# Task requirements:
Write out each record below exactly, without pictures.

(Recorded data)
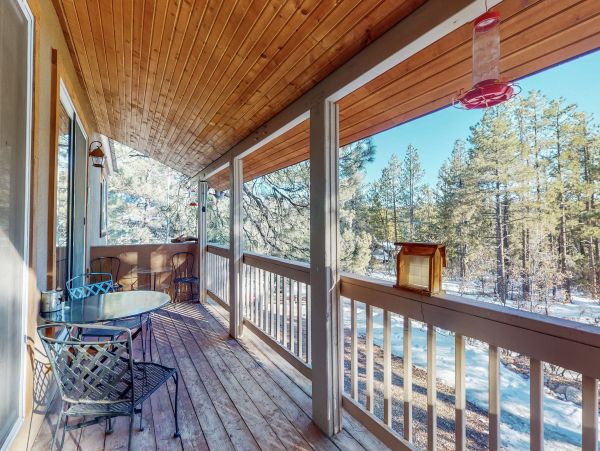 Breckenridge Home 1017867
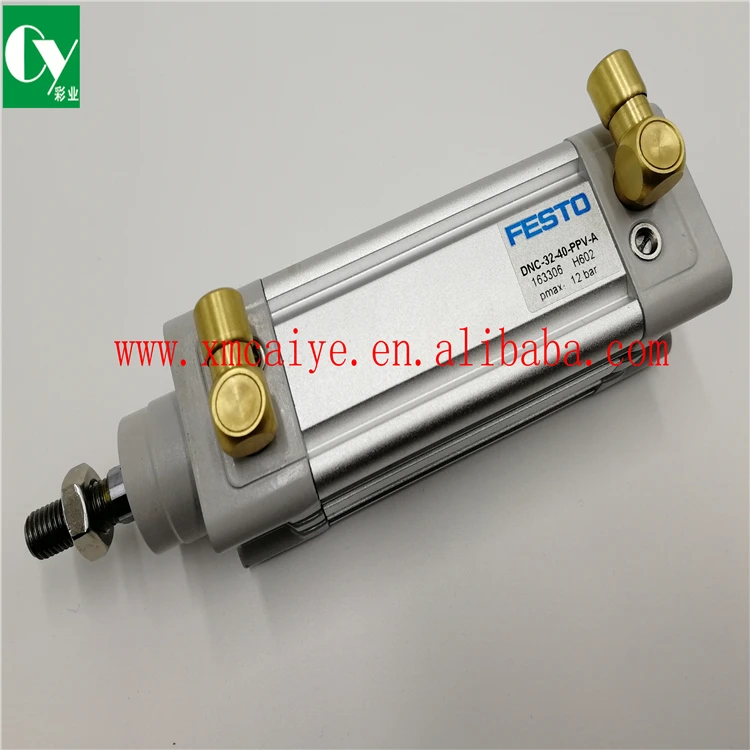 4Piece DHL free freight CD102 SM102 Pneumatic cylinder 00 580 4275 00 580 4275 B 5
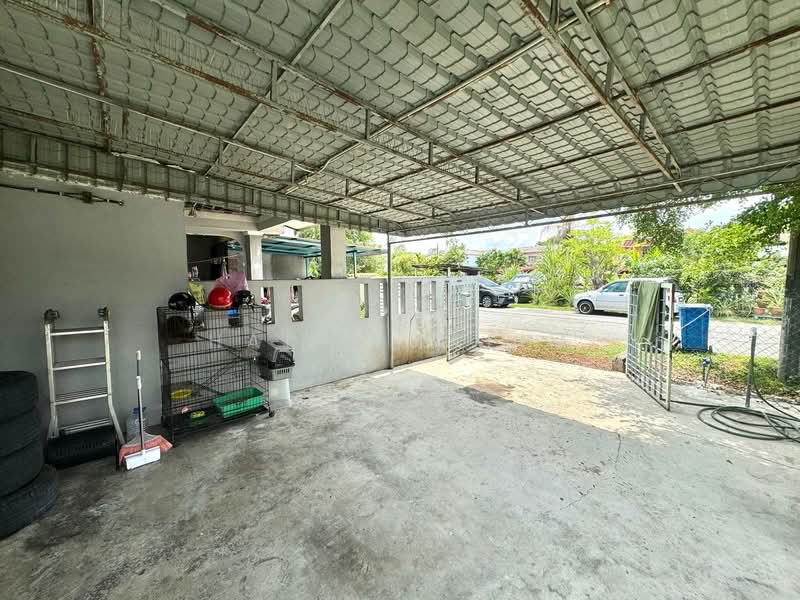 2-storey Terraced House for Sale in Seksyen 7 (Shah Alam) - Hairi Halim - Exterior - PropertyGuru.com.my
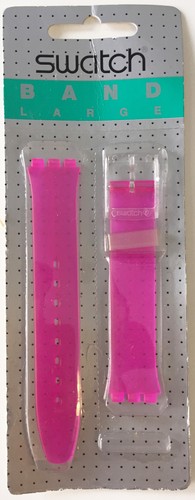 Swatch skin bracciale - swatch,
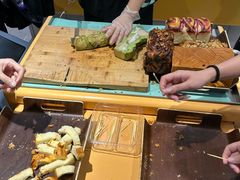 -7mall美食潮地标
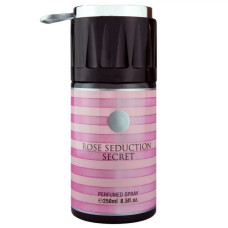 Fragrance World Rose Seduction Secret дезодорант 250мл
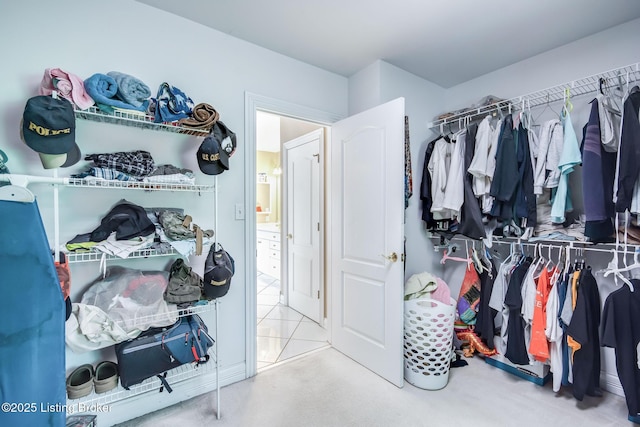 6516 Norman Ct, Crestwood, KY 40014 - view of walk in closet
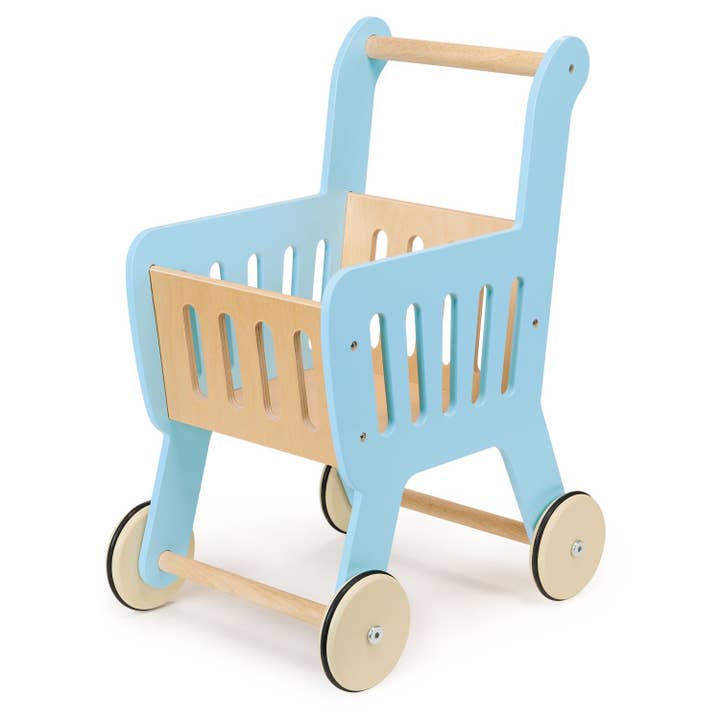 Shopping Cart for wholesale by Mentari Toys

# Written reply:
 Breckenridge Home 1017867
 4Piece DHL free freight CD102 SM102 Pneumatic cylinder 00 580 4275 00 580 4275 B 5
 2-storey Terraced House for Sale in Seksyen 7 (Shah Alam) - Hairi Halim - Exterior - PropertyGuru.com.my
 Swatch skin bracciale - swatch,
 -7mall美食潮地标
 Fragrance World Rose Seduction Secret дезодорант 250мл
 6516 Norman Ct, Crestwood, KY 40014 - view of walk in closet
 Shopping Cart for wholesale by Mentari Toys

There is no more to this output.